# THE DATA
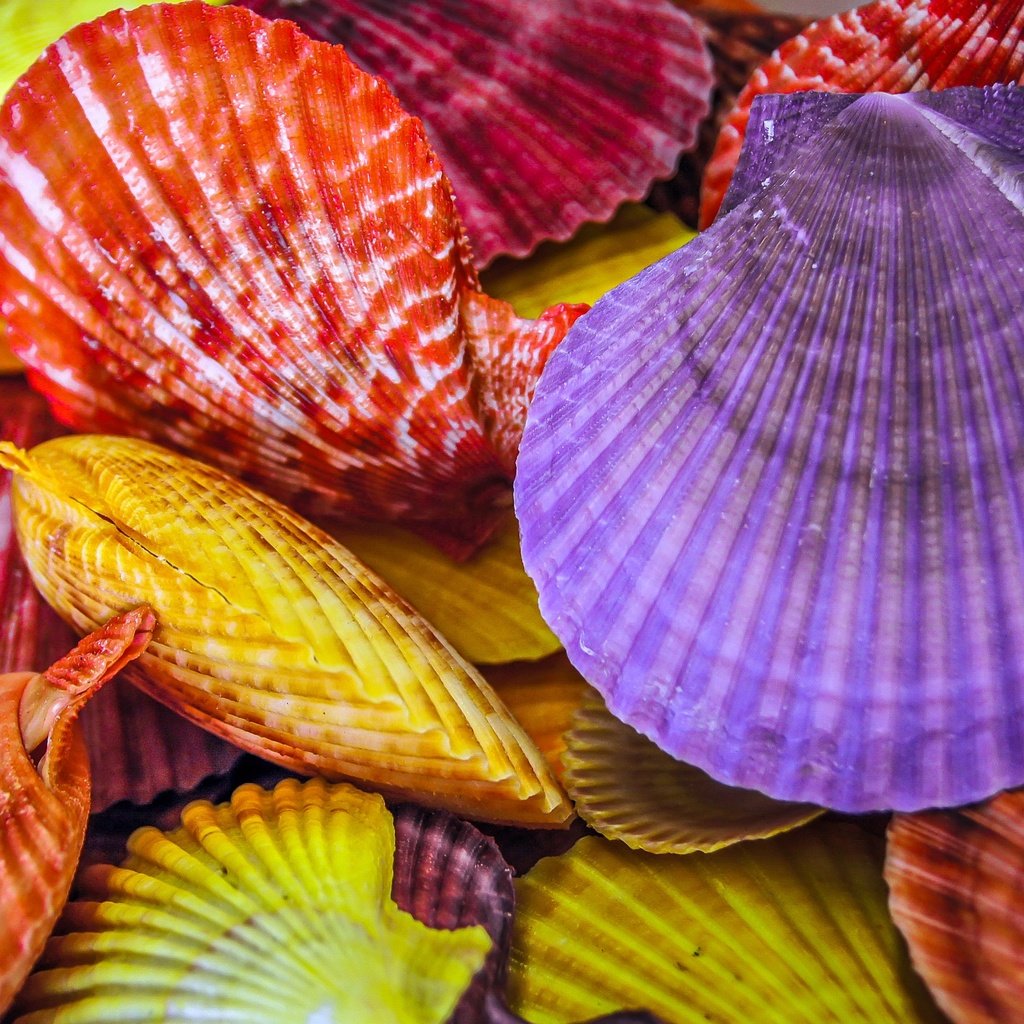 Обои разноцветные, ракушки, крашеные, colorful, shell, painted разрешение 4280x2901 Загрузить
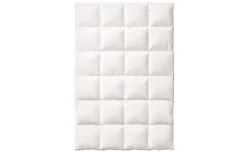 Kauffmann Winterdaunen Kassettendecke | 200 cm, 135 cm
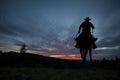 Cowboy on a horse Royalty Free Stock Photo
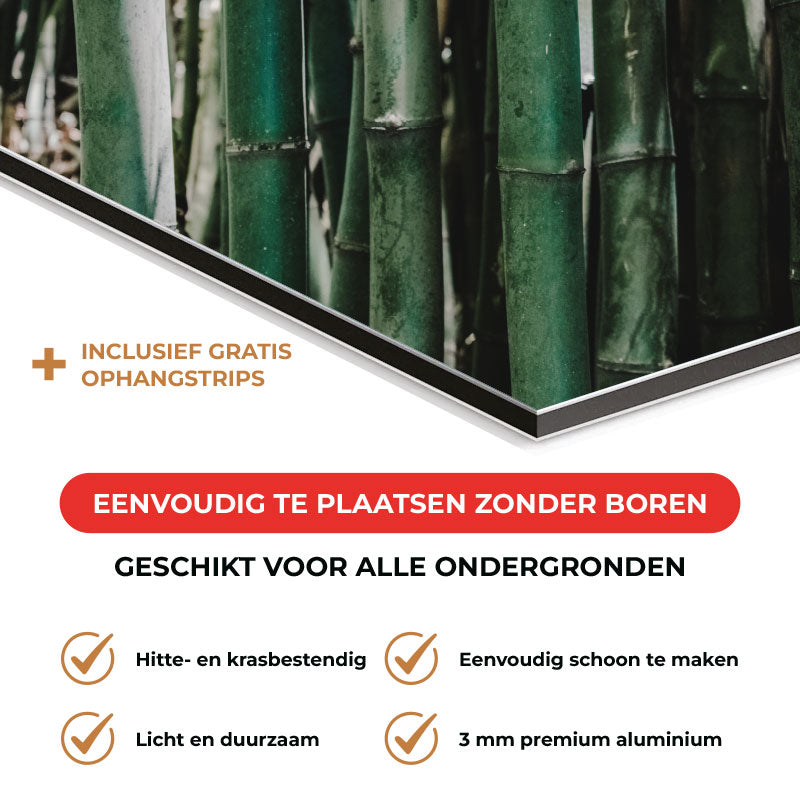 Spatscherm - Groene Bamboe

# WORK INSTRUCTIONS
Your copy should begin at the line containing "Kauffmann Winterdaunen Kassettendecke" and end at the last line of the data above, matching each line exactly and holding no pictures.

# RESPONSE BELOW
 Kauffmann Winterdaunen Kassettendecke | 200 cm, 135 cm
 Cowboy on a horse Royalty Free Stock Photo
 Spatscherm - Groene Bamboe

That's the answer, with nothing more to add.